Founder Group Limited Executes 100-for-1 Share Combination to Regain Nasdaq Compliance

  • Founder Group Limited will combine its shares on a 100-for-1 basis effective February 10, 2026, to comply with Nasdaq listing rules.
  • The move reduces outstanding Class A shares from 32,178,109 to approximately 321,781 and Class B shares from 9,324,733 to approximately 93,247.
  • Shares will trade under the same symbol 'FGL' but with a new CUSIP number (G3662E121) on the Nasdaq Capital Market.
  • Fractional shares will be rounded up to the nearest whole number to ensure no shareholder is left with partial holdings.

Founder Group's share combination is a strategic move to avoid delisting from Nasdaq, reflecting broader trends in renewable energy companies navigating stringent exchange regulations.

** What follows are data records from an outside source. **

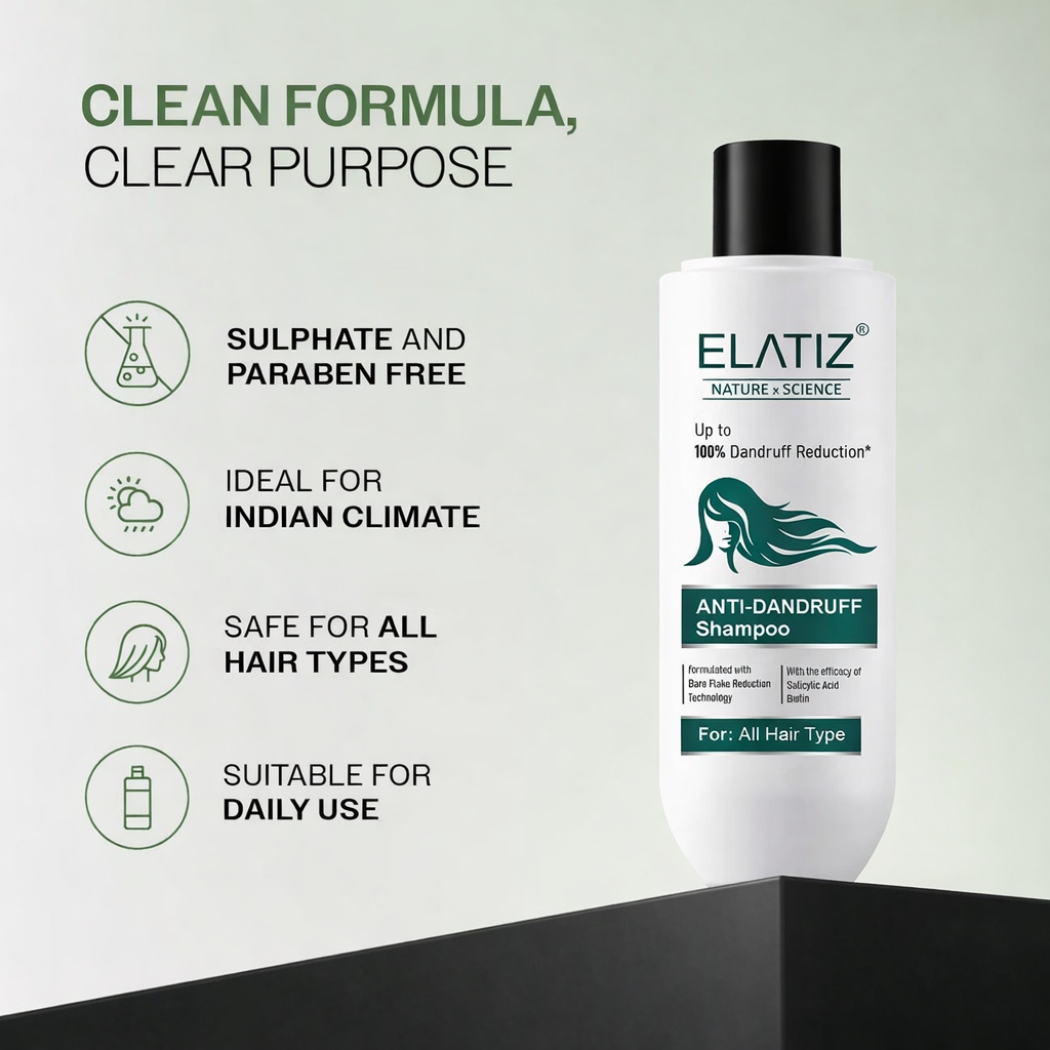 ELATIZ Anti-Dandruff Shampoo | 100% Dandruff Control | For All Hair Types - Image 2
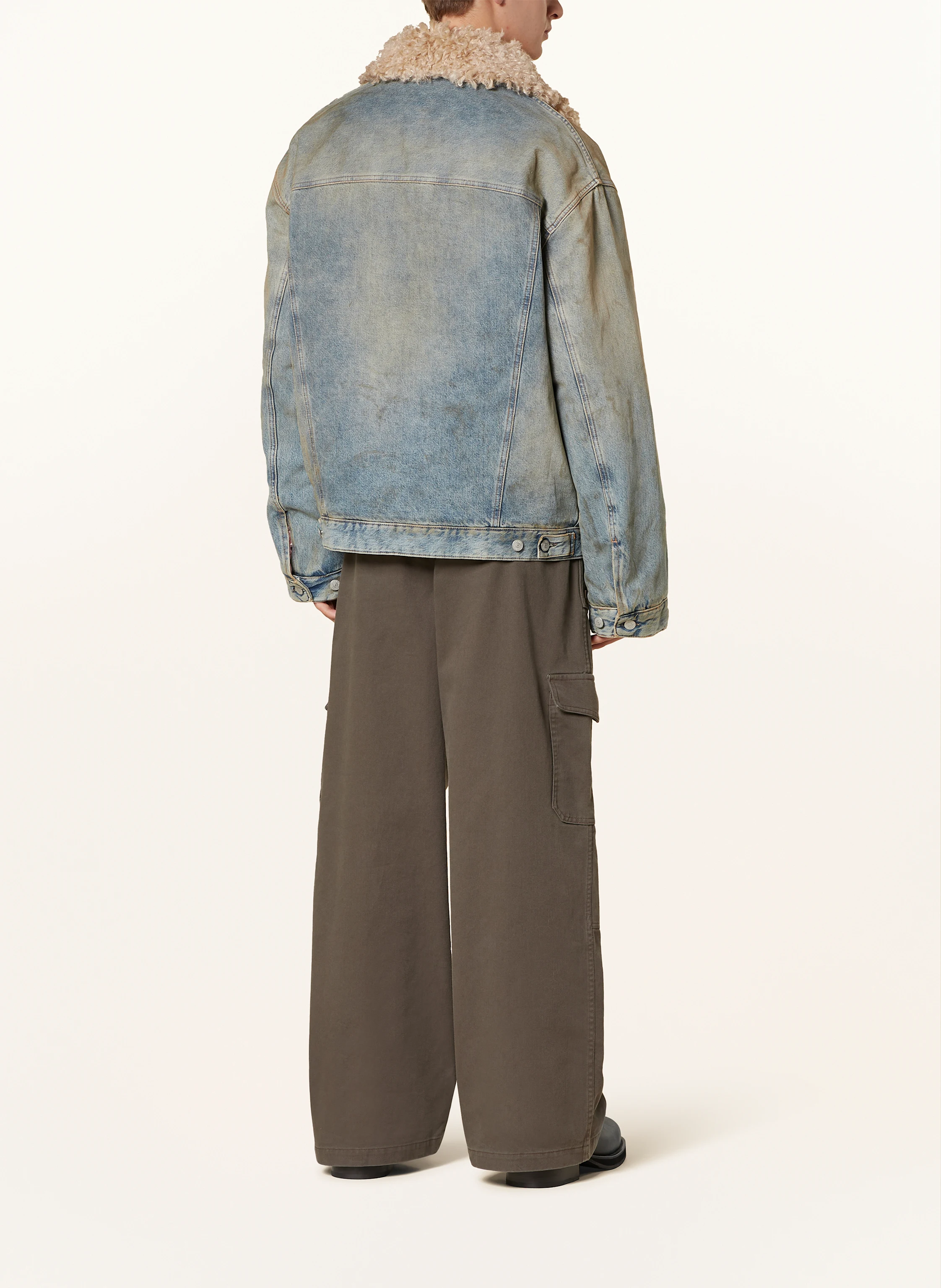 Acne Studios Jeansjacke mit Kunstfell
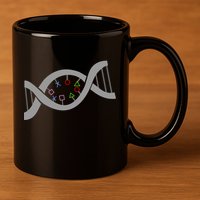 Gamer DNA Strand 11oz C Handle Ceramic Mug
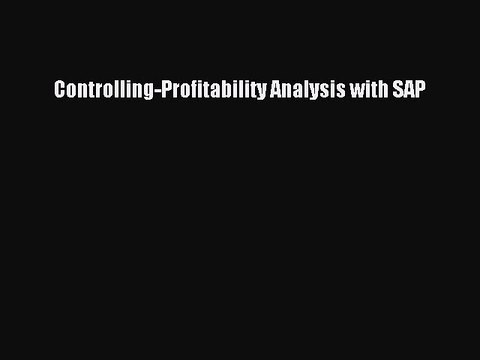 [Download] Controlling-Profitability Analysis with SAP Read Free
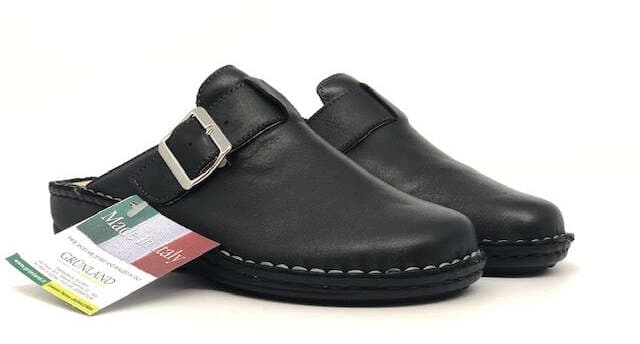 GRUNLAND Ciabatta chiusa donna Dara Nero in Infradito e ciabatte da spiaggia Calzature Durello - Agna, commercioVirtuoso.it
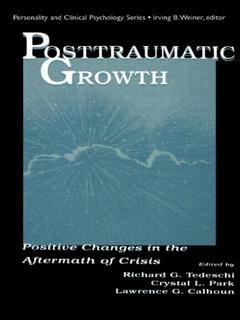 Couverture de l’ouvrage Posttraumatic Growth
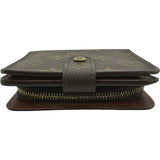 ルイ・ヴィトン LOUIS VUITTON コンパクト・ジップ M61667 ブラウン モノグラムキャンバス レディース 二つ折り財布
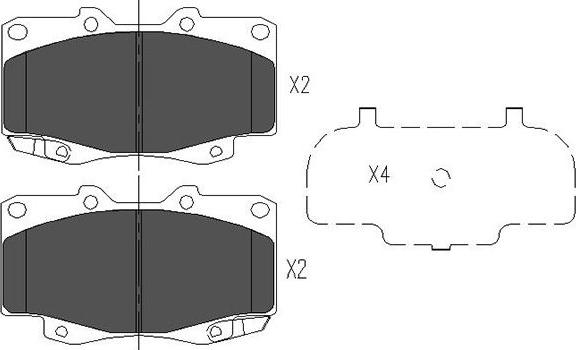 Kavo Parts KBP-9096 - Bremžu uzliku kompl., Disku bremzes autodraugiem.lv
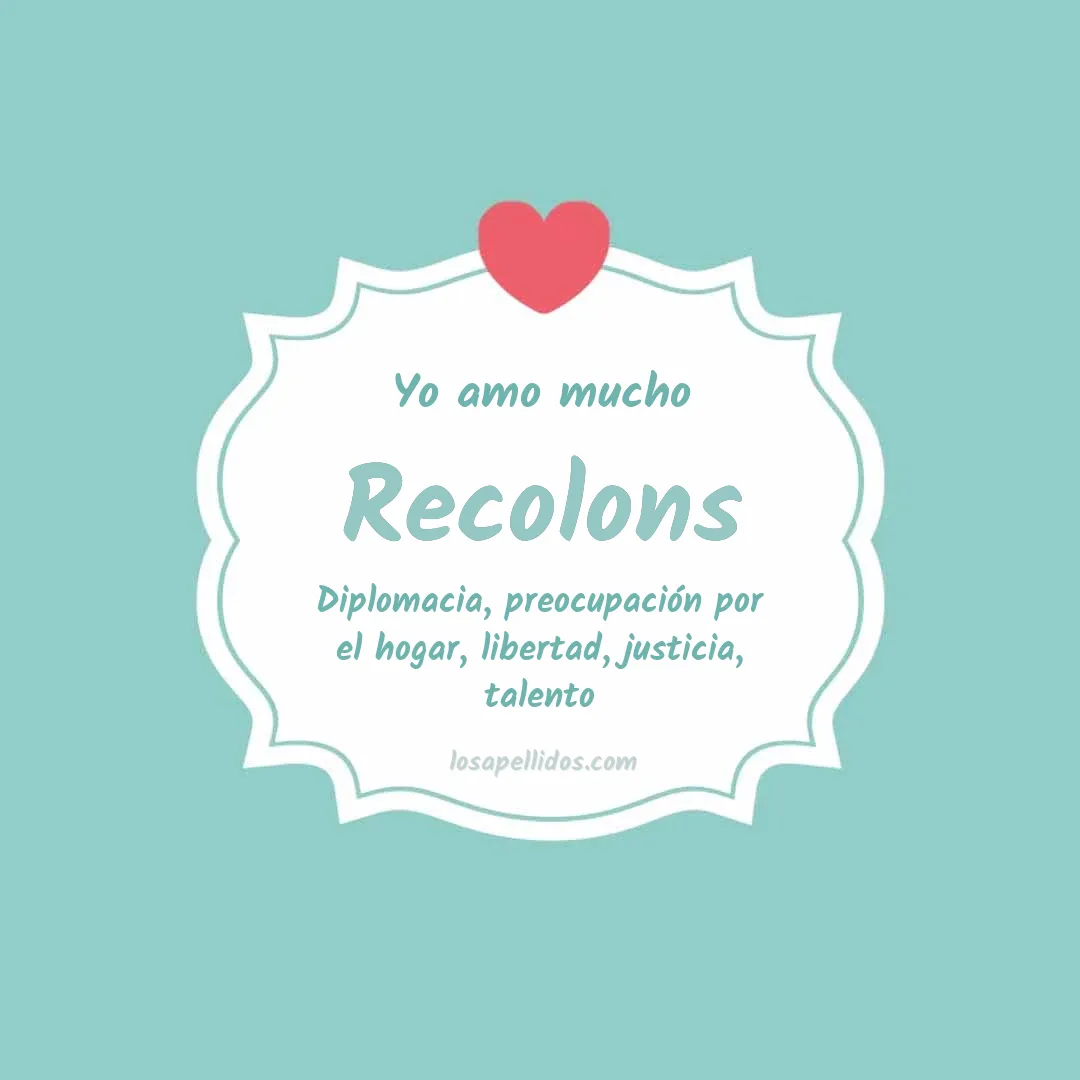 Yo amo mucho Recolons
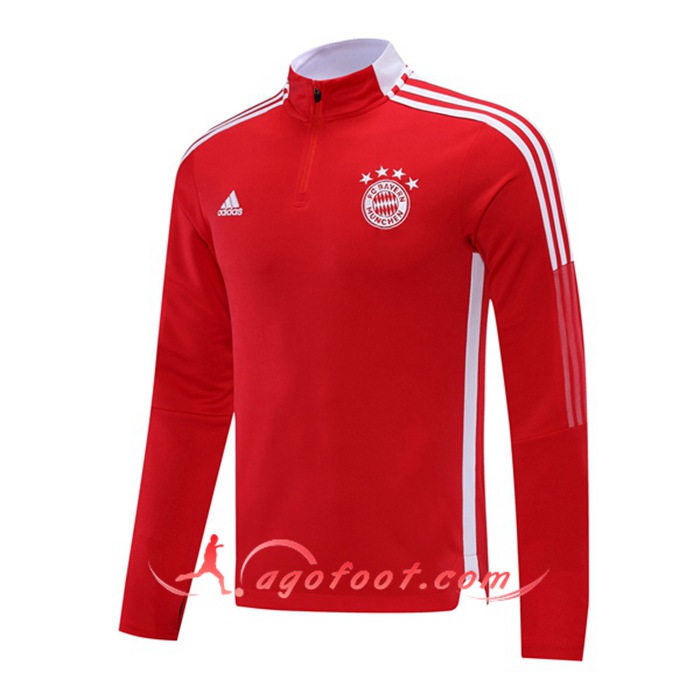 Sweatshirt Training Bayern Munich Rouge/Noir 2021/2022 -1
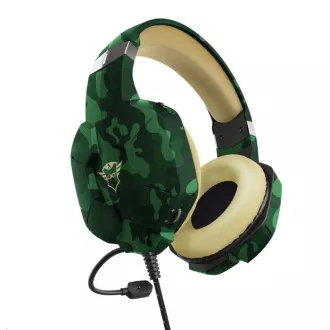 TRUST fejhallgató GXT 323C Carus Gaming Headset, jungle camo TRUST fejhallgató GXT 323C Carus Gaming Headset, jungle camo
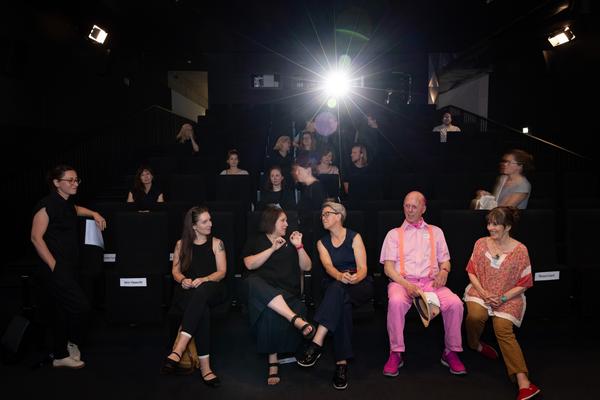 &quot;the set, the double, the stand-in, the prop&quot; - Jann Haworth im Gespräch mit Jo Applin (Österr. Ludwig-Stiftung @ mumok, 4.9.2025) Foto: eSeL.at - Lorenz Seidler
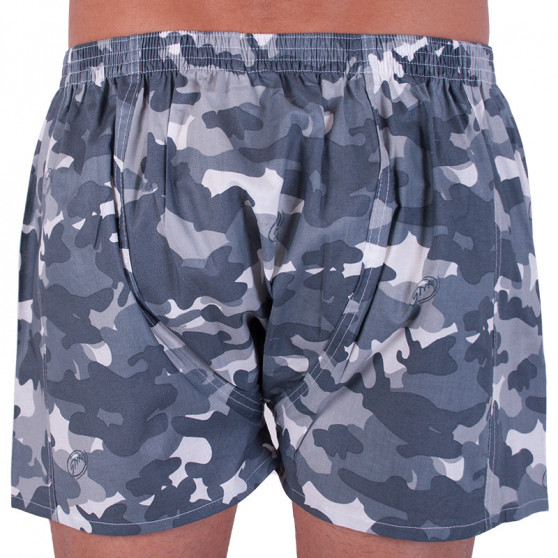 Boxer da uomo Styx art classic rubber grey camouflage (A656)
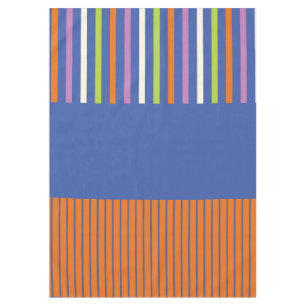 Colour Pop Stripes modern striped design Tablecloth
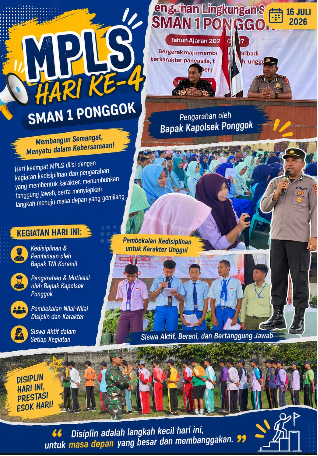 IKLAN UCAPAN: Nurcahyo Hadisunariyo, S.Pd Kepala Sekolah SMAN 1 Ponggok Blitar, Mengucapkan Selamat Melaksanakan MPLS Bagi Siswa – Siswi Baru, Semoga Berjalan Lancar, Menyenangkan dan Berkesan.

The reduction in share count aims to stabilize the stock and align with market expectations, though the long-term impact on investor confidence and operational performance remains to be seen.

Market Reaction
How the share combination will impact Founder Group's stock price and liquidity in the short term.
Regulatory Compliance
Whether the share combination will successfully restore compliance with Nasdaq's listing requirements.
Operational Focus
The pace at which Founder Group can refocus on its core solar projects after addressing the compliance issue.